How To Save on Cooling (and Heating) Costs with Landscaping

Overview

Perhaps the most pleasant economic savings can be derived from judicious and mindful planting of trees and shrubs. The value of traditional plantings serving as windbreaks is well known. Additionally, well-placed deciduous trees can shade a building during hot summer months yet allow warming sunshine to enter a building when warmth is needed in the winter. The summer shading feature of trees is particularly important for the following reason. Most homes are cooled with traditional window- or central- air conditioners using fractional horsepower single-phase electric motors and modern refrigerants (chlorofluorocarbons that are less potent greenhouse gases than their predecessors). The electro-mechanical efficiency of air conditioner components ranges from 35-50% based upon the electrical energy available at the plug. But that electricity is arriving at your building with an overall efficiency of about 30% based upon the energy content of the fuel going into the central electrical power plant. So, when the overall fuel cycle is considered, building air conditioning is about 10-20% efficient, on the basis of energy flow. Fortunately, humans feel a cooling effect from simple air movement that increases evaporation from the skin. Most air conditioning rating systems incorporate this cooling effect, so their efficiency numbers do not appear quite so grim. However, when shade trees cool a house such that one unit of air conditioning energy is avoided, 5 to 10 units of primary energy are avoided at the power plant. This is not only an important economic savings to you, but also a very important environmental savings to the community.

Estimated Cost Savings

Air conditioning in buildings represents 13-15% of your annual electricity budget, and a larger fraction during summer months. By reducing the amount of air conditioning required, shade trees directly affect your bottom line. The cost of quality shade trees ranges from a few dollars for a seedling to several hundred for a much larger tree.
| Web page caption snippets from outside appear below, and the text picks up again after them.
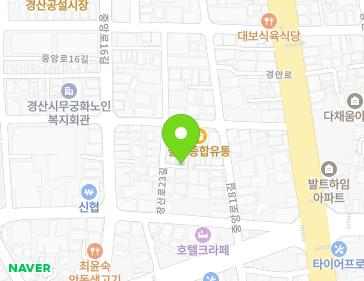 Address Map Image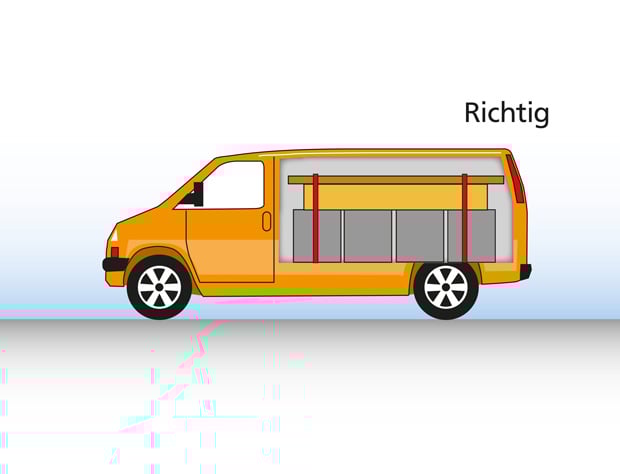 Die richtige Lastenverteilung im Transporter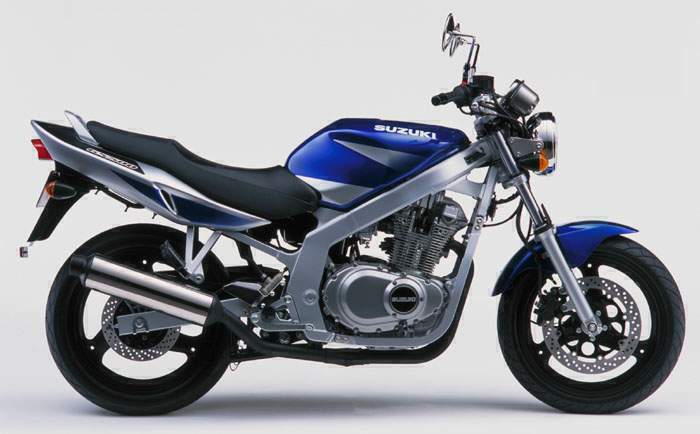 Тест-драйв мотоцикла Kawasaki ER-5
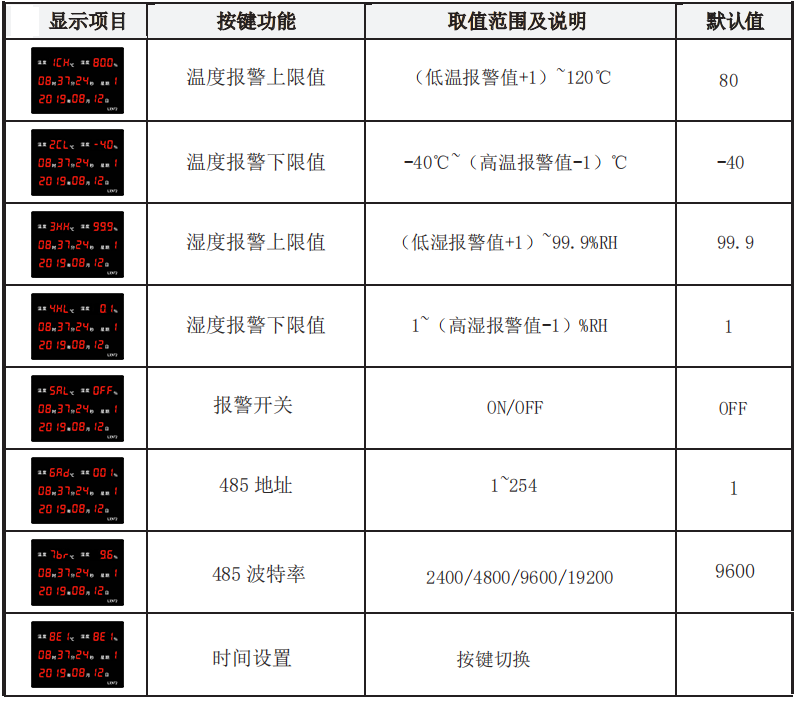 LX972设置教程(图1)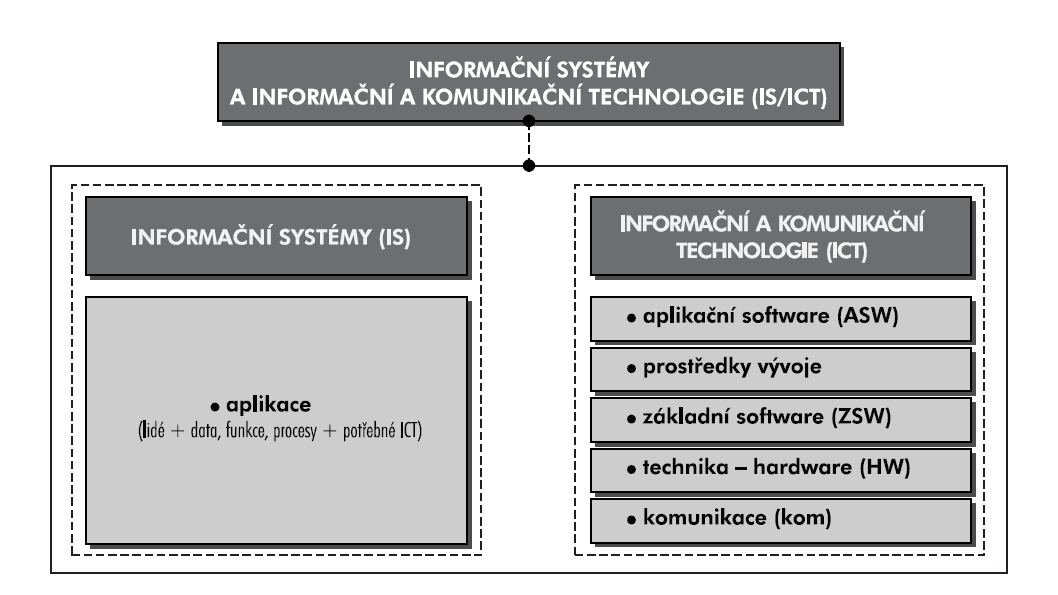 Základní vymezení obsahu IS/ICT zdroj: Pour, J.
Its a good idea to get at least an 8-10 foot high tree if possible. The sooner the tree grows shading capacity, the sooner you can enjoy savings. The amount of savings can vary widely due to local circumstances but typical savings are on the order of 10-20% of a summer electric bill. Similar savings from a windbreak will be realized in winter during the heating season.

Issues

Consider planting several varieties of trees: some fast-growing species (such as ash or aspen) for quick shade and more durable, slower-growing and longer-lasting trees (such as maple or oak) that will eventually dominate. Shop around for the best warranty on trees. Many nurseries provide planting and care instructions and will offer a oneyear replacement guarantee.

Regional Issues

Plant varieties appropriate to your climate. Some species of trees grow more slowly than others so you need to get started as soon as planting season arrives.

Installation (Getting It Done)

Spring and fall are the best times to plant. Be sure to follow planting instructions and err on the side of digging too large a hole. Be sure to incorporate organic material in the planting soil and to stake trees to provide mechanical support. Mulch heavily and water thoroughly during summer dry spells.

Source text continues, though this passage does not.